# [DATA]
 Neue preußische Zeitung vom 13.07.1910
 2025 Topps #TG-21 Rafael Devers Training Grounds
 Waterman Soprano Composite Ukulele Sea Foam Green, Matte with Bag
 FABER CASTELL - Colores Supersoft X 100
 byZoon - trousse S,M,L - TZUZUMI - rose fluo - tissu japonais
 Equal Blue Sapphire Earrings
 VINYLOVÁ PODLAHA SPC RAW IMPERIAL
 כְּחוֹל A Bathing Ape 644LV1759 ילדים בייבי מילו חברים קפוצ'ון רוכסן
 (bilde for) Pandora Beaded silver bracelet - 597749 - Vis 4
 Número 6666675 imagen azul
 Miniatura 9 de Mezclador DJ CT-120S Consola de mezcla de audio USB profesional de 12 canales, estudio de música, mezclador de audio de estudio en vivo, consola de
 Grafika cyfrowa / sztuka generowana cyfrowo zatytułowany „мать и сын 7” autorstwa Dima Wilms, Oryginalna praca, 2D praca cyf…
--
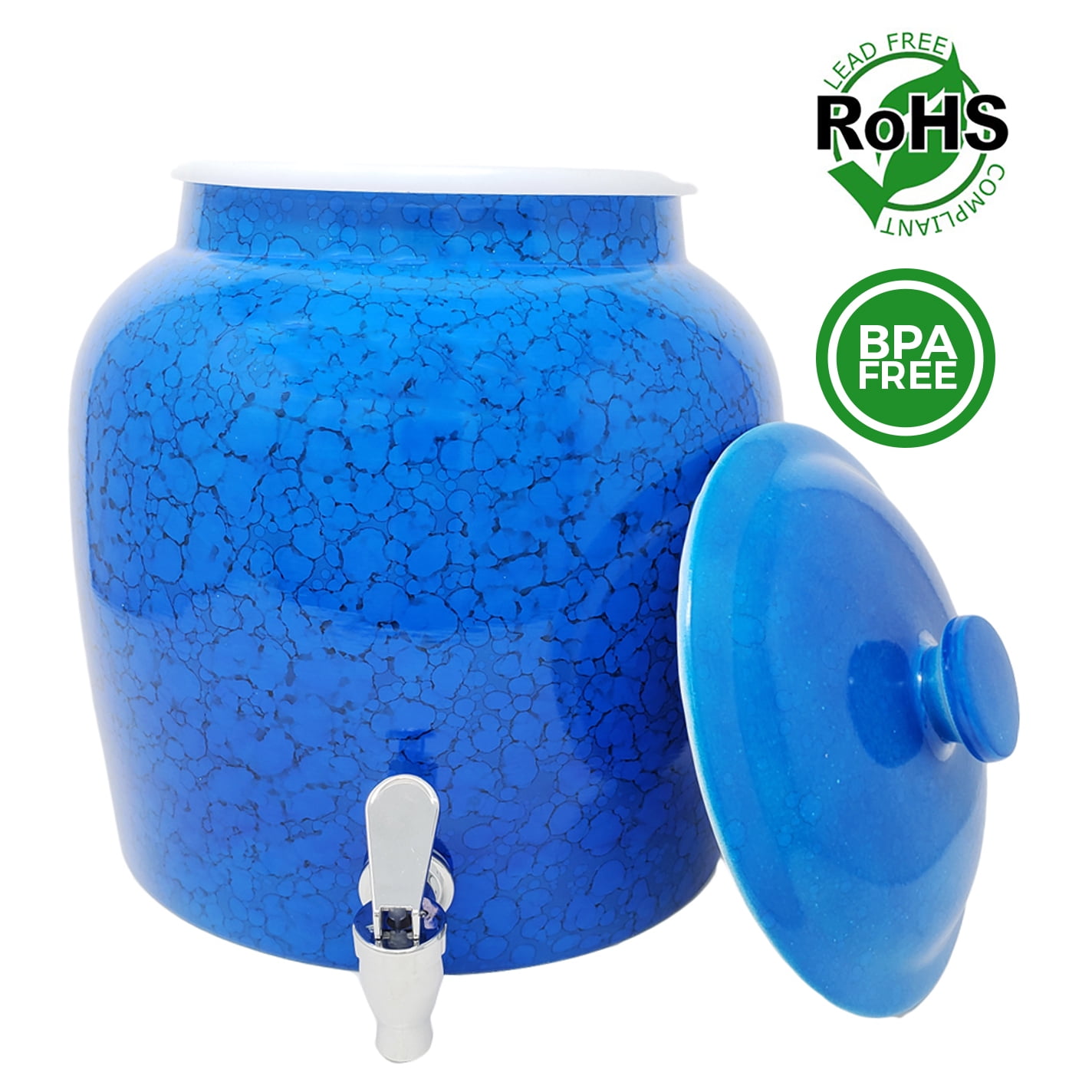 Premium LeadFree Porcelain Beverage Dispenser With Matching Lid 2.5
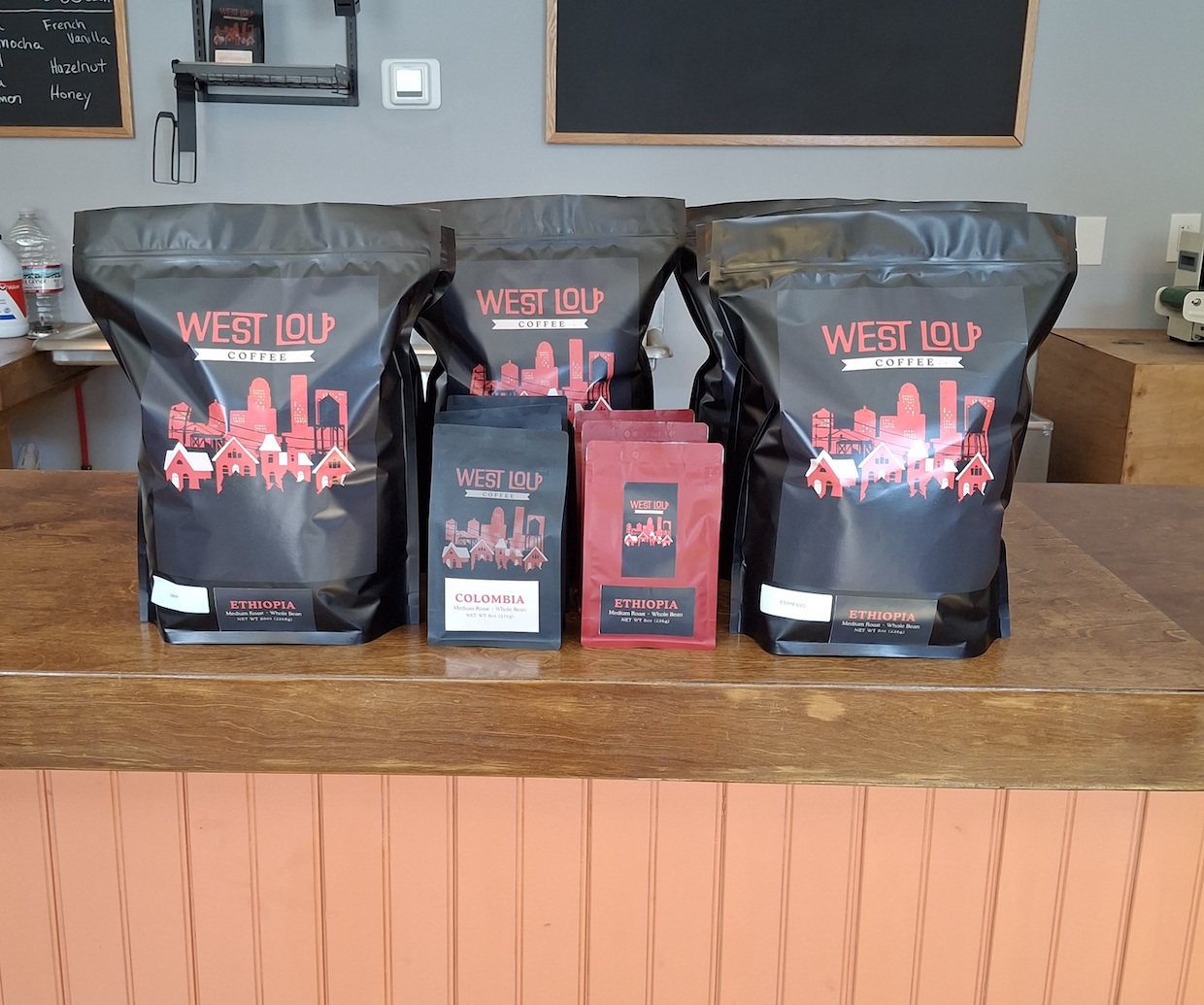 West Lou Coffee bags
==
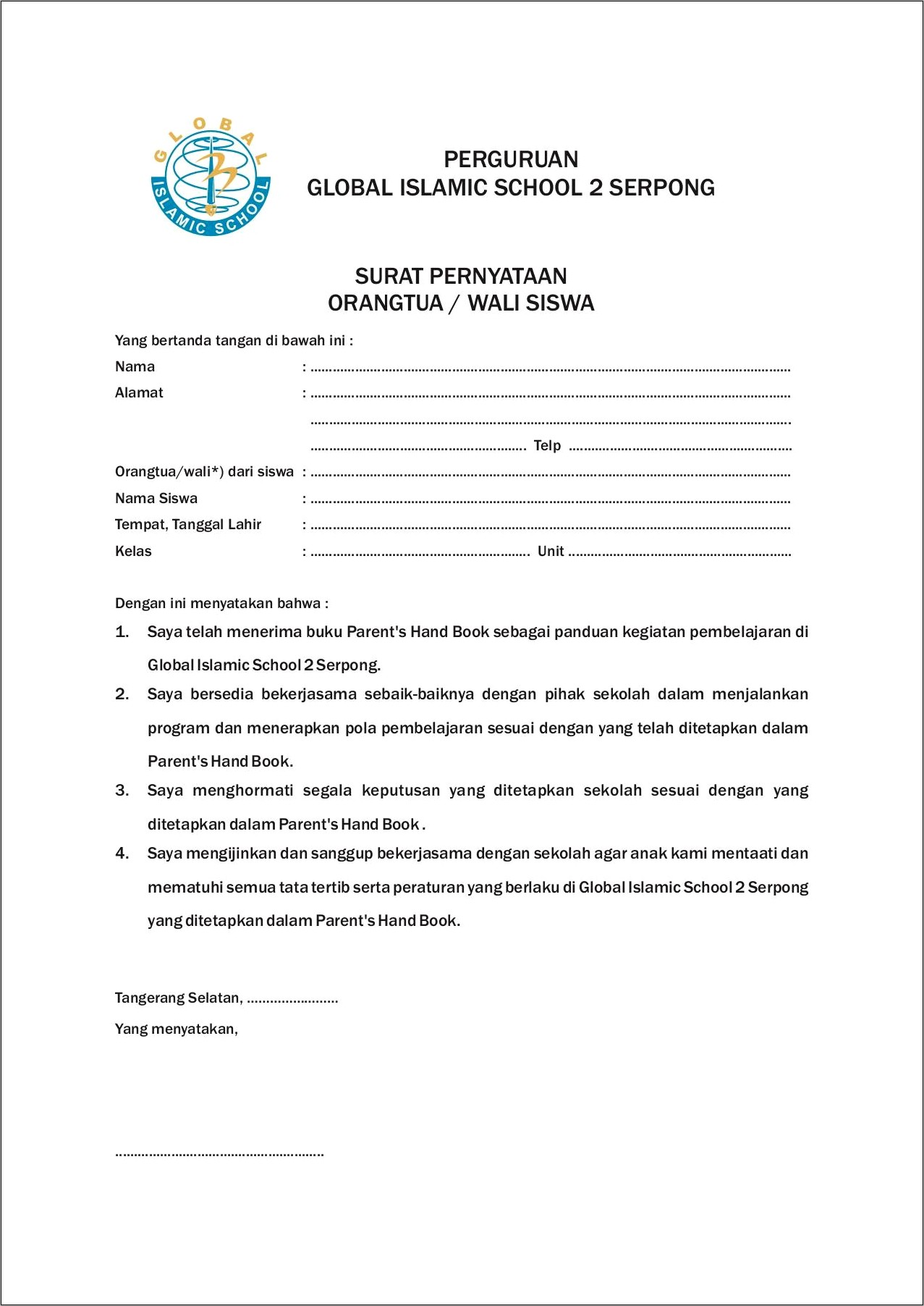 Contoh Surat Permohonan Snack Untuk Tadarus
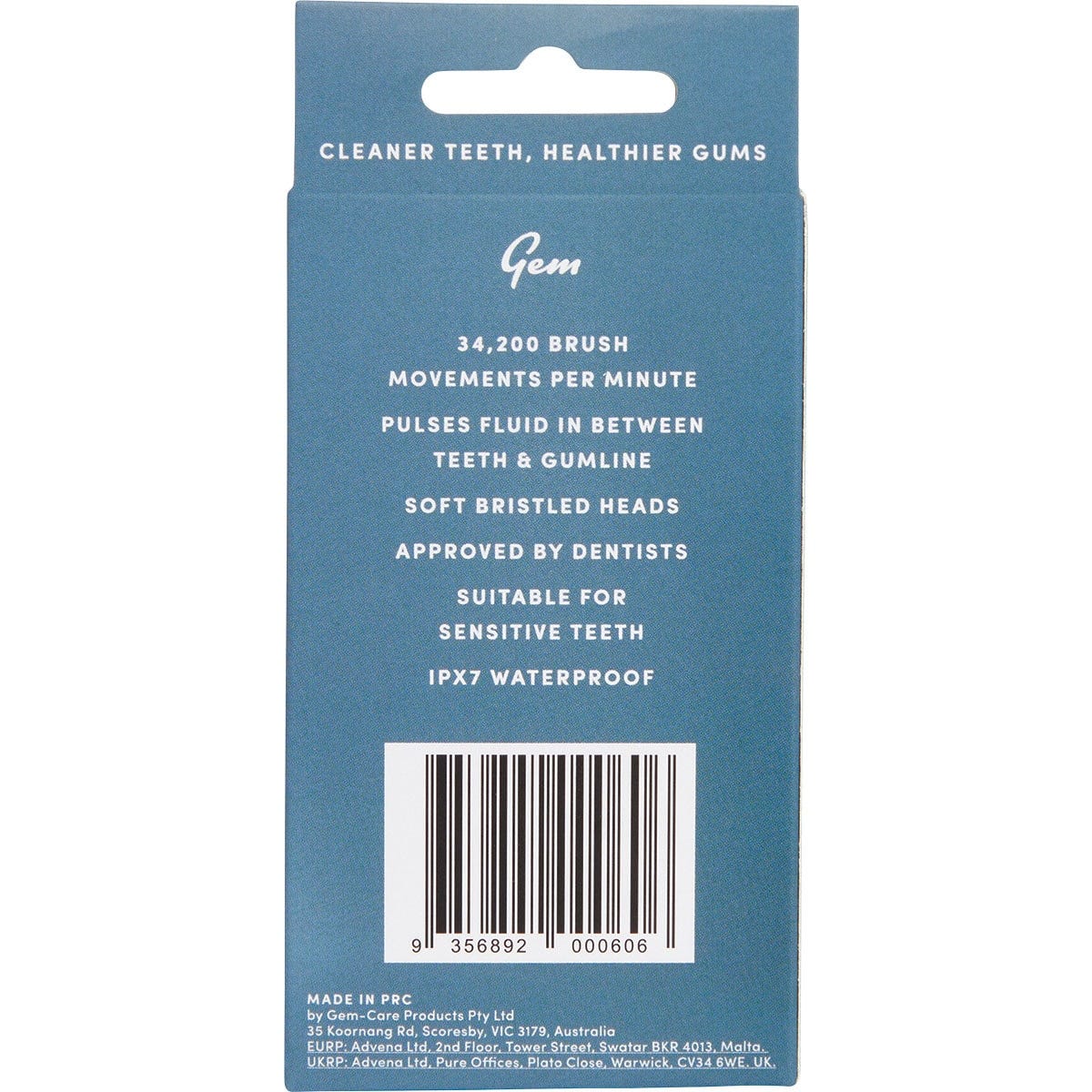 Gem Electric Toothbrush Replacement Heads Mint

# [ASSIGNMENT]
Could you transcribe the entries above word for word, from the line with "Neue preußische Zeitung vom 13.07.1910" down to the line with "Grafika cyfrowa /", keeping both?

# [PROBLEM SOLUTION]
 Neue preußische Zeitung vom 13.07.1910
 2025 Topps #TG-21 Rafael Devers Training Grounds
 Waterman Soprano Composite Ukulele Sea Foam Green, Matte with Bag
 FABER CASTELL - Colores Supersoft X 100
 byZoon - trousse S,M,L - TZUZUMI - rose fluo - tissu japonais
 Equal Blue Sapphire Earrings
 VINYLOVÁ PODLAHA SPC RAW IMPERIAL
 כְּחוֹל A Bathing Ape 644LV1759 ילדים בייבי מילו חברים קפוצ'ון רוכסן
 (bilde for) Pandora Beaded silver bracelet - 597749 - Vis 4
 Número 6666675 imagen azul
 Miniatura 9 de Mezclador DJ CT-120S Consola de mezcla de audio USB profesional de 12 canales, estudio de música, mezclador de audio de estudio en vivo, consola de
 Grafika cyfrowa / sztuka generowana cyfrowo zatytułowany „мать и сын 7” autorstwa Dima Wilms, Oryginalna praca, 2D praca cyf…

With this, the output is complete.